# EXERCISE DESCRIPTION
Your task is to copy the lines of the data below from the line holding "SoundVision DW-240D/BT 2.4GHz" through the line holding "Sport Nylon Band", inclusive, exactly and with nothing added.

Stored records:
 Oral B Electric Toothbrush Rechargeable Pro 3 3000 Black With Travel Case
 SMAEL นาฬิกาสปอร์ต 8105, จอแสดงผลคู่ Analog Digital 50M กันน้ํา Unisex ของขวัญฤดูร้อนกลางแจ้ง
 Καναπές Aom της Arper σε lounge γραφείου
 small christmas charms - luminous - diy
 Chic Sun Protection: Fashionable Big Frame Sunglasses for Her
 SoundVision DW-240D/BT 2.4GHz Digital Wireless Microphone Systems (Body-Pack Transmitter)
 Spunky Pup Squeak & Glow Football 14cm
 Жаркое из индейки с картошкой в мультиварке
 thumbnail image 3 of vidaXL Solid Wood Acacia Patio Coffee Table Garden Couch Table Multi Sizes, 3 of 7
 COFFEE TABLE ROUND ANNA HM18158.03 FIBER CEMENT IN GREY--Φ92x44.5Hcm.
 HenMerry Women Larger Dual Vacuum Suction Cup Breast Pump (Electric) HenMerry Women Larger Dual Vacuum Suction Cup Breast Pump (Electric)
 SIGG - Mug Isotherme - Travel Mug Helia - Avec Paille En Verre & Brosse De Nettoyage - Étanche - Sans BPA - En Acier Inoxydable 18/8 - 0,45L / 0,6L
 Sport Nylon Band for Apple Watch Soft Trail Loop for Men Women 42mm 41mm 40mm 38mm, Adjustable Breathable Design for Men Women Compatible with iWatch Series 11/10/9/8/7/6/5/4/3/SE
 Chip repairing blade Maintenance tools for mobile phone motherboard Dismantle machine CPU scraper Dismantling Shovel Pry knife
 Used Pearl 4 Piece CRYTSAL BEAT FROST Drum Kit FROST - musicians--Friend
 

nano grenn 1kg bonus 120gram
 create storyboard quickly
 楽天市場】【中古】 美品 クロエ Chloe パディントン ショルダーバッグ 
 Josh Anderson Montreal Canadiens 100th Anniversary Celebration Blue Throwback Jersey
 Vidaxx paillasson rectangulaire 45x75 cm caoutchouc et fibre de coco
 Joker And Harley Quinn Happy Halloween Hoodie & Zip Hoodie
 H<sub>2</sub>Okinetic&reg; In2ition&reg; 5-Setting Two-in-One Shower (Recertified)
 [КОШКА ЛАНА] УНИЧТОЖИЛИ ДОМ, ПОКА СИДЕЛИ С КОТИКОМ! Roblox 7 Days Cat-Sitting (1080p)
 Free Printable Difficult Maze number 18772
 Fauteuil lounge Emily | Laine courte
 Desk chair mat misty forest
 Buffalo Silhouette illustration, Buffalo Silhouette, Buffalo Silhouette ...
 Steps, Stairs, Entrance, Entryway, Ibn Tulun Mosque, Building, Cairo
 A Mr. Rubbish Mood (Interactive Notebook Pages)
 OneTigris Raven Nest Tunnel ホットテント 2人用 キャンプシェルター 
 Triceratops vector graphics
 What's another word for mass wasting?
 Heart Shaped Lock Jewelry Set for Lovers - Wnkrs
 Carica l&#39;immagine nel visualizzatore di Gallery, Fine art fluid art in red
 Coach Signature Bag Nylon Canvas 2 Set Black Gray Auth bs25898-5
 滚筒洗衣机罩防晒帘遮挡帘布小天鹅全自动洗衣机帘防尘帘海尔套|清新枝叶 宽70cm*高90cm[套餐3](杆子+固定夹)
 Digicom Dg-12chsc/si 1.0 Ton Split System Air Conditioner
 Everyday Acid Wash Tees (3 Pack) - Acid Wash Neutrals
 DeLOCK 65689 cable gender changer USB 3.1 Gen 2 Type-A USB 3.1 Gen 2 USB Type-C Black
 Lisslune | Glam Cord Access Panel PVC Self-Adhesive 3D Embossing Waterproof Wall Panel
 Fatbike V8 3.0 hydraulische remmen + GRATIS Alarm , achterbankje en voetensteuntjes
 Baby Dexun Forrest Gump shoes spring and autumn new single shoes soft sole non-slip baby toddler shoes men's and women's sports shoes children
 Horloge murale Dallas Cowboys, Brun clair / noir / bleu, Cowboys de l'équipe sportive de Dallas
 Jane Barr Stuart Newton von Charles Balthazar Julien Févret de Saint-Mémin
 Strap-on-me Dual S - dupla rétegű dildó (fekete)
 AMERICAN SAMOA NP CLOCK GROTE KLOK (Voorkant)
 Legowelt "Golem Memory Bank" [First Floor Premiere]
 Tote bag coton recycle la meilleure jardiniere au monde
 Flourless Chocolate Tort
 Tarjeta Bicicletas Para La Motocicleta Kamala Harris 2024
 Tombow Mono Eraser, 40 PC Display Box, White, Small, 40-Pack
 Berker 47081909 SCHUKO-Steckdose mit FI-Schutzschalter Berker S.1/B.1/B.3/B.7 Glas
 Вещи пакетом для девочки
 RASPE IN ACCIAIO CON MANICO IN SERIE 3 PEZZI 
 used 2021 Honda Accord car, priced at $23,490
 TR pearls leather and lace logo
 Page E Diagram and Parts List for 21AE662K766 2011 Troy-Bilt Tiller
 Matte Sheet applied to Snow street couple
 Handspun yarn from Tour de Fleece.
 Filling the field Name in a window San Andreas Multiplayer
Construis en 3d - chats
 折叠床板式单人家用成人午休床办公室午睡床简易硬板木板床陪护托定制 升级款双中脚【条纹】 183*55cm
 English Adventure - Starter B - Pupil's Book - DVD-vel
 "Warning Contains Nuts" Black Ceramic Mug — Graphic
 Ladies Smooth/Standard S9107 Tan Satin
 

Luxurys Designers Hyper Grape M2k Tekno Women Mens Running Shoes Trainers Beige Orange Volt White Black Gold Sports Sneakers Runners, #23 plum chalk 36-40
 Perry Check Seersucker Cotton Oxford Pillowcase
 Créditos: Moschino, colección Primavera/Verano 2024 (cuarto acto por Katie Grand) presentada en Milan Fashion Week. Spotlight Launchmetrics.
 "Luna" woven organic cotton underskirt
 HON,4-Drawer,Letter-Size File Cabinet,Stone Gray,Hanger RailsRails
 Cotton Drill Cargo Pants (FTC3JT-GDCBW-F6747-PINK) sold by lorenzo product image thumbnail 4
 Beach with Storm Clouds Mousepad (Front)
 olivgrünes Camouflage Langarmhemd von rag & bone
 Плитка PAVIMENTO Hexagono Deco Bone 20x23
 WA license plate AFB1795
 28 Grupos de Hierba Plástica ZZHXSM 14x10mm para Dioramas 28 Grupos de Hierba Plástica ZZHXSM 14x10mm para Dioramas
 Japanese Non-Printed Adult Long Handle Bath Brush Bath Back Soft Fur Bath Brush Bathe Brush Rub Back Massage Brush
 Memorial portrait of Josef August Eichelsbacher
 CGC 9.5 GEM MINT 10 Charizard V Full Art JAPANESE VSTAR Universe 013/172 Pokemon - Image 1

# SOLUTION TO THIS EXERCISE
 SoundVision DW-240D/BT 2.4GHz Digital Wireless Microphone Systems (Body-Pack Transmitter)
 Spunky Pup Squeak & Glow Football 14cm
 Жаркое из индейки с картошкой в мультиварке
 thumbnail image 3 of vidaXL Solid Wood Acacia Patio Coffee Table Garden Couch Table Multi Sizes, 3 of 7
 COFFEE TABLE ROUND ANNA HM18158.03 FIBER CEMENT IN GREY--Φ92x44.5Hcm.
 HenMerry Women Larger Dual Vacuum Suction Cup Breast Pump (Electric) HenMerry Women Larger Dual Vacuum Suction Cup Breast Pump (Electric)
 SIGG - Mug Isotherme - Travel Mug Helia - Avec Paille En Verre & Brosse De Nettoyage - Étanche - Sans BPA - En Acier Inoxydable 18/8 - 0,45L / 0,6L
 Sport Nylon Band for Apple Watch Soft Trail Loop for Men Women 42mm 41mm 40mm 38mm, Adjustable Breathable Design for Men Women Compatible with iWatch Series 11/10/9/8/7/6/5/4/3/SE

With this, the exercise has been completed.